Well- that’s interesting. Why would Yosef assume the brothers would be quarrelsome along the way? They’d just been told that their greatest crime was forgiven and their whole family would be saved in the famine!

Our aforementioned friend Rashi offers no less than three answers to this question, two of which we are going to leave for another day (but which you can find here.) Rashi says the simple answer is that because the brothers were so ashamed of what they had done to Yosef years earlier, they would argue along the way about who was really responsible, pointing the finger at one another and saying “because of you he was sold, you spoke badly of him and caused us to hate him.”

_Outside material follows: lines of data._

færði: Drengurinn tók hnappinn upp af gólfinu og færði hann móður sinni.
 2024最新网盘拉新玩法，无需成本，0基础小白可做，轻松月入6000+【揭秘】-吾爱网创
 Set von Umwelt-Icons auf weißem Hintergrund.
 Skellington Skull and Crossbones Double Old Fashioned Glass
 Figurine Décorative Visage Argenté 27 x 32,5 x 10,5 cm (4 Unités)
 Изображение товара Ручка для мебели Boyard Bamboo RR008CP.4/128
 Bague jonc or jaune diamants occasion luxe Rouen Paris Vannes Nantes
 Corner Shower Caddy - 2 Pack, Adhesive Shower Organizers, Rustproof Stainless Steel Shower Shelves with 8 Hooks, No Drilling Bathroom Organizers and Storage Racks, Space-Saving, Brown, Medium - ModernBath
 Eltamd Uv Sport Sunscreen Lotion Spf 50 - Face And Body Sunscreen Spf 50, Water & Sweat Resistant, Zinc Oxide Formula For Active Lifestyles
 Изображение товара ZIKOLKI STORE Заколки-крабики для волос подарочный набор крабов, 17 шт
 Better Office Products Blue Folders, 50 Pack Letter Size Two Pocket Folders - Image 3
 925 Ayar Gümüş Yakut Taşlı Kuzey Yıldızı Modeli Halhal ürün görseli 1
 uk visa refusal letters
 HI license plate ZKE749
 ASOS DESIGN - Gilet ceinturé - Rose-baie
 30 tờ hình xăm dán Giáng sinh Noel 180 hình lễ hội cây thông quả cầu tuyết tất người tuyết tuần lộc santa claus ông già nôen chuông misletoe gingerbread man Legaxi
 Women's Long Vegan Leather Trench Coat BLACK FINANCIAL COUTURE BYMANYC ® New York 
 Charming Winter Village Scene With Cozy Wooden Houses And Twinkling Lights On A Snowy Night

What makes this a subtle and perceptive interpretation is the implication that the brothers will feel ashamed and blame each other not because they’re in trouble, but after Yosef has spoken kindly to them and, as above, drawn them close to him and told them not to worry anymore. (Cf. 45:5-6) That is, being forgiven does not end the process of moral introspection but may actually evoke more of it, precisely because not worrying about retribution means that the offending party need fear no judge but himself.

The brothers were not only shocked to find out that their long-sold brother was the Prime Minister of Egypt; they were also shocked that his first words were ones of reconciliation. I can only imagine that after years of denying the pangs of conscience, guilt would turn on itself in anger and blame among themselves once the brothers experienced Yosef’s magnanimity. Hence- Yosef’s acute awareness that the process of reconciliation and forgiveness is not over with one act, but will play out over years, even decades, coming up again after their father dies some 17 years later.

We learn from this that peace is not cheap, but requires attention and care, conversation and conscience, honesty and courage, from all parties. Forgiveness doesn’t happen once and it’s over; it is something that grows with effort and love.